─── STUDY MATERIAL ───
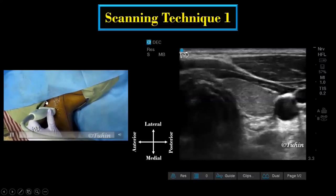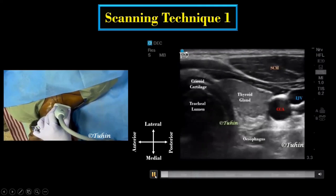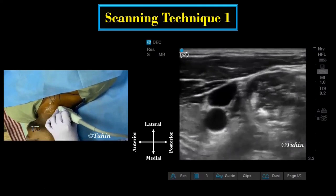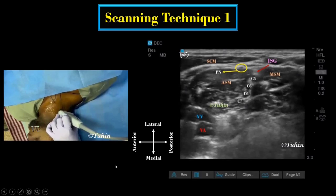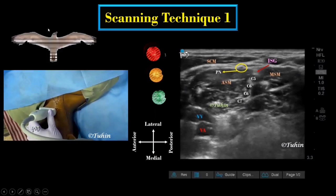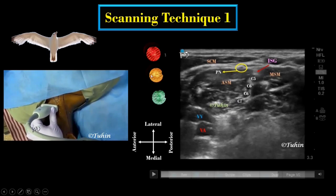In this technique, the scanning starts at or just below the level of the cricoid cartilage and medial to the sternocleidomastoid muscle, with a goal to identify the carotid artery laterally. The transducer is then moved laterally across the neck to identify the anterior scalene muscle, middle scalene muscle, and the elements of the brachial plexus in between them. It appears as the traffic light or stoplight pattern — also called the seagull sign — where the brachial plexus elements form the head, body, and tail of the seagull, while the scalene muscles form the wings.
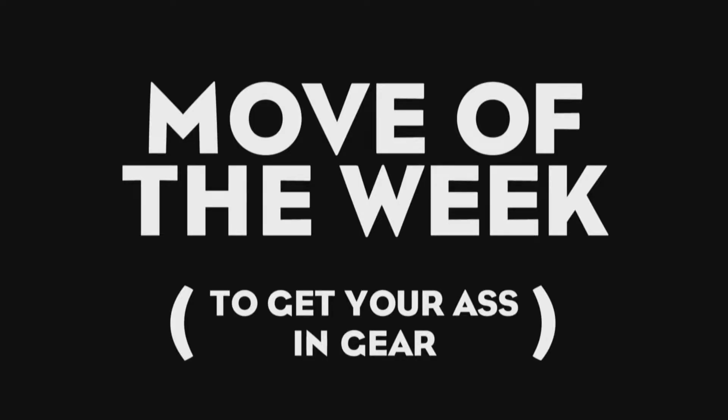Warning. This video contains explicit content. You fuckers. I'm Jennifer and you're watching Move of the Week to get your ass in gear.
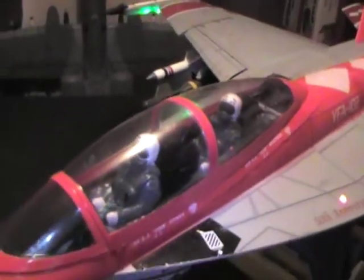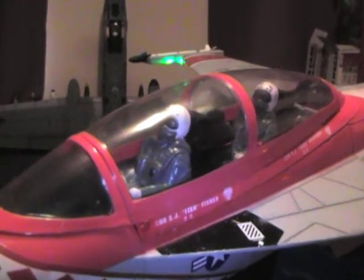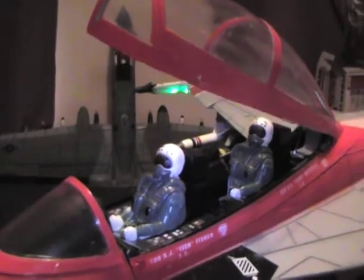Okay, here's another little short one. I'm going to do this by hand of the canopy. You guys are kind of wanting to see how this thing works.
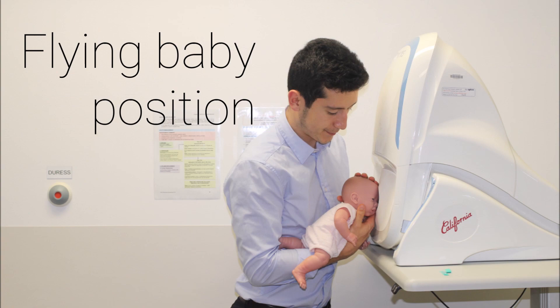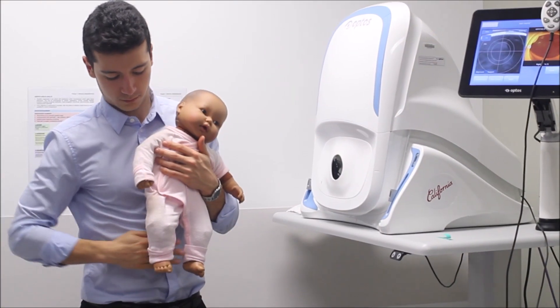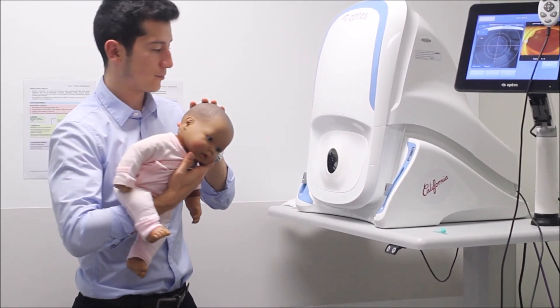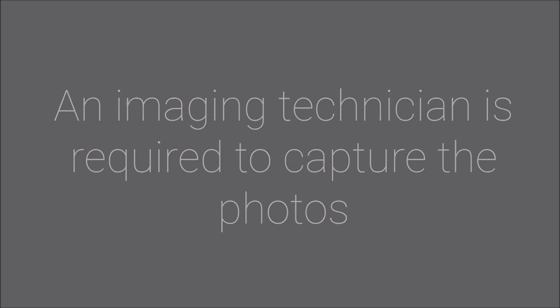Flying baby position — particularly suited to infants. Pass your dominant hand through the baby's legs and support the chest and chin area. Your other hand is placed on the occiput for stability. Guide the infant towards the camera's aperture whilst the imaging technician captures the photos.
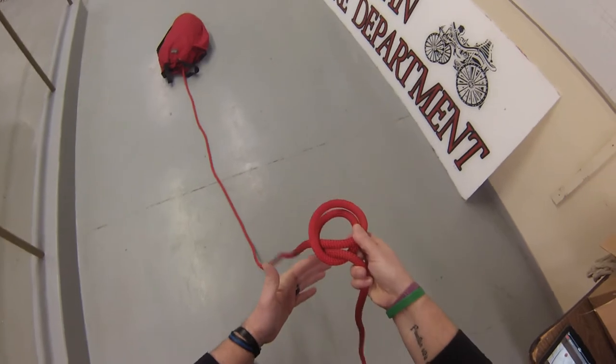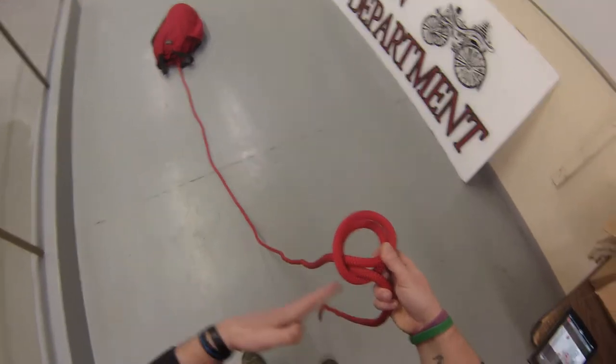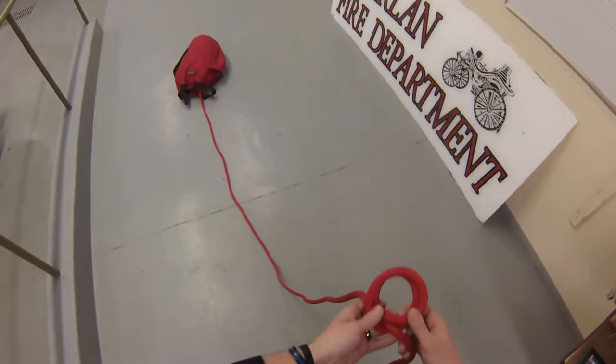The nice thing about this is now I can just slide it down around whatever object I want to tie to, and I can tie this at any portion of the rope. I don't have to be at the tail end to tie my clove hitch — I can be in the middle, I can be up to the top of the rope, wherever I want to be.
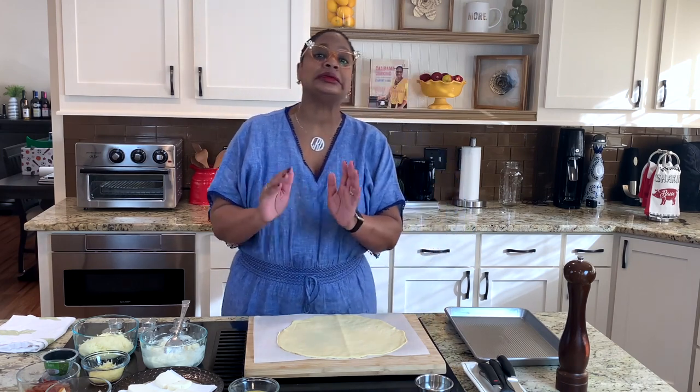Hello, family. Chef Lori is here. Welcome back to the Love Lab. Today on Calabama Cooking, we are making calzones — that's the original hot pocket, all right? You're going to enjoy this because you can make this your own. There are so many ways to personalize this dish. You'll just be in heaven. Come on in the kitchen. Let's cook.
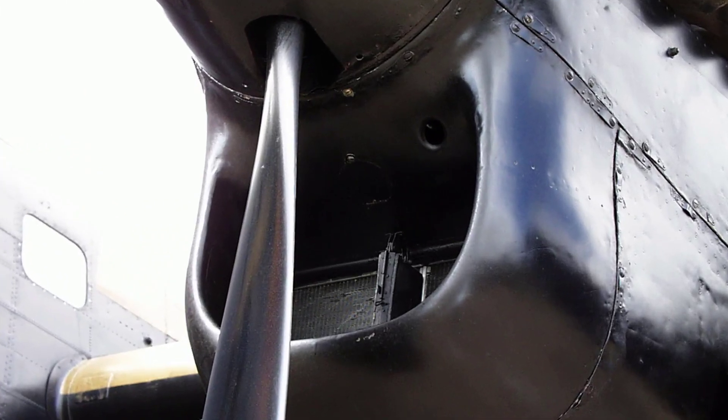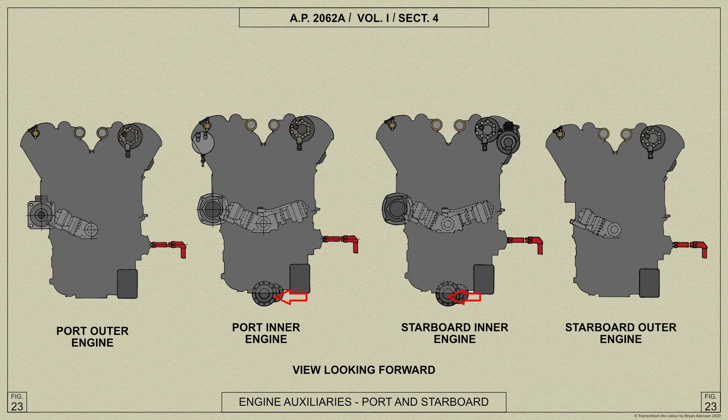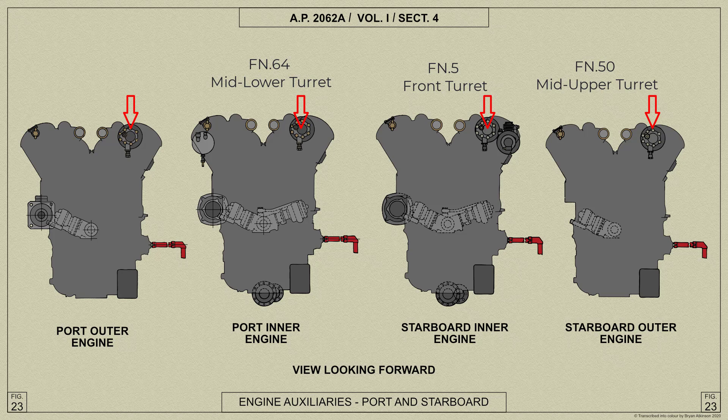The coolant radiator is mounted in a duct underneath the engine and is fitted with a thermostatically controlled shutter. The outboard engines are protected by armour plate fitted to the bottom of the fireproof bulkhead and to the bottom of the nacelle front former. A single pump mounted on the inboard engine supplies power for the hydraulic operation of the retractable undercarriage units, the main plane flaps, bomb door jacks, carburettor air intakes and fuel jettisoning. Another pump is mounted on each engine supplying power for each turret: the front, mid-upper, mid-lower turret if fitted, and the rear turret.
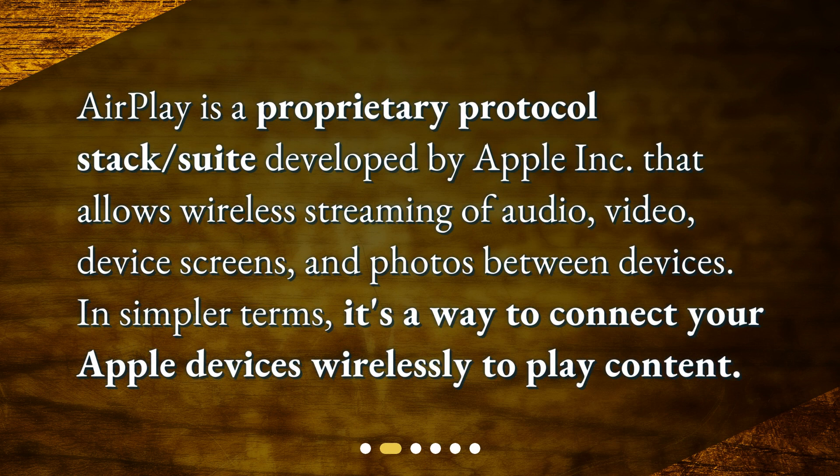What is AirPlay? AirPlay is a proprietary protocol stack suite developed by Apple Inc. that allows wireless streaming of audio, video, device screens, and photos between devices. In simpler terms, it's a way to connect your Apple devices wirelessly to play content.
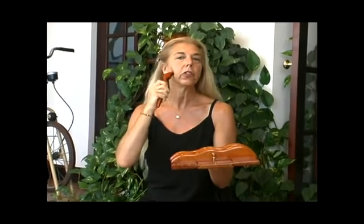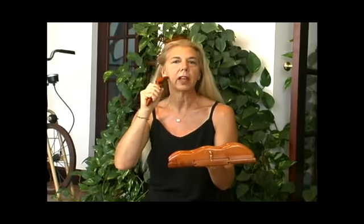The neck attachment works on stimulating the trigger points in the neck, in the face, in the jaw, and around the temples to relieve neck stress, TMJ-type symptoms, and headaches.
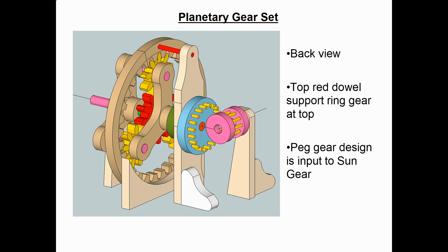Here's a back view of that first planetary gear set. You can see the peg gears behind it — they will drive the sun gear on this model. I added that top red dial up there, which helps support the ring gear at the top. The ring gear is supported at the bottom by a curved piece of wood that will be screwed into the base.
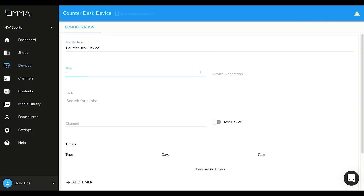Enter a name for the device and select a shop. At OMMA you can create shops — in other words, places — and locate your devices in these shops. This way it is easier to filter and manage devices. For now, select the demo shop we have prepared for you to continue. You can change it later when you create your actual shops.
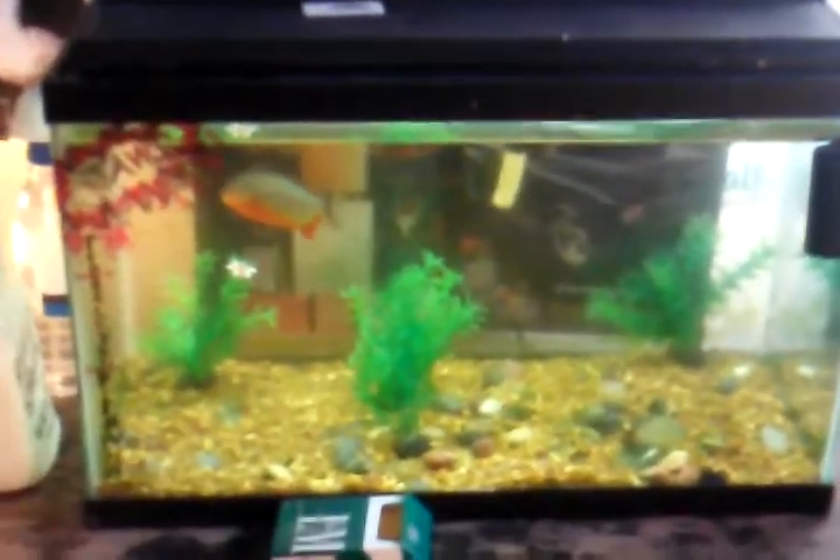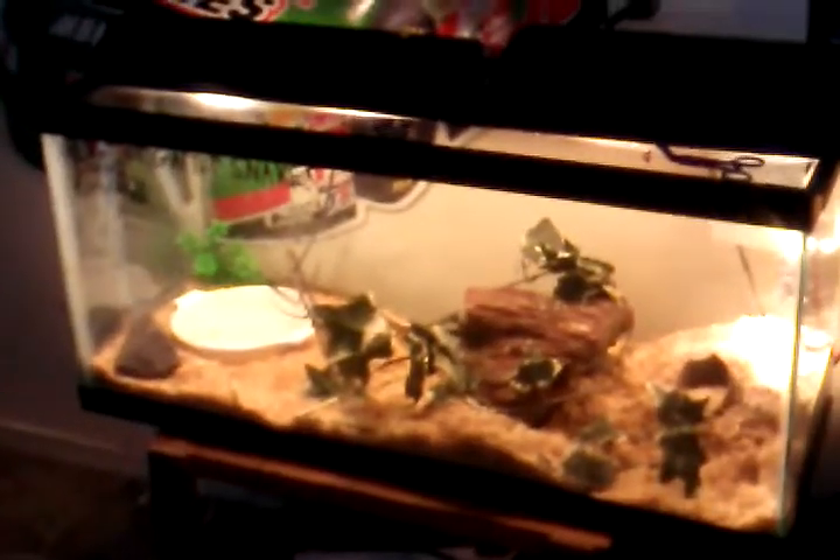This is just my red belly piranha tank and my supply drawer — care sheets, cricket food, calcium, ReptiSafe, ReptoCal, tweezers, spray bottles. And that's that wall: red belly piranha, western ribbon snake, two butler garter snakes.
───
=== WORK INSTRUCTIONS ===
Everything from the line with "Enter a name" through the last line above should be reproduced exactly, both ends included; pictures must be omitted.

=== RESULT ===
Enter a name for the device and select a shop. At OMMA you can create shops — in other words, places — and locate your devices in these shops. This way it is easier to filter and manage devices. For now, select the demo shop we have prepared for you to continue. You can change it later when you create your actual shops.
This is just my red belly piranha tank and my supply drawer — care sheets, cricket food, calcium, ReptiSafe, ReptoCal, tweezers, spray bottles. And that's that wall: red belly piranha, western ribbon snake, two butler garter snakes.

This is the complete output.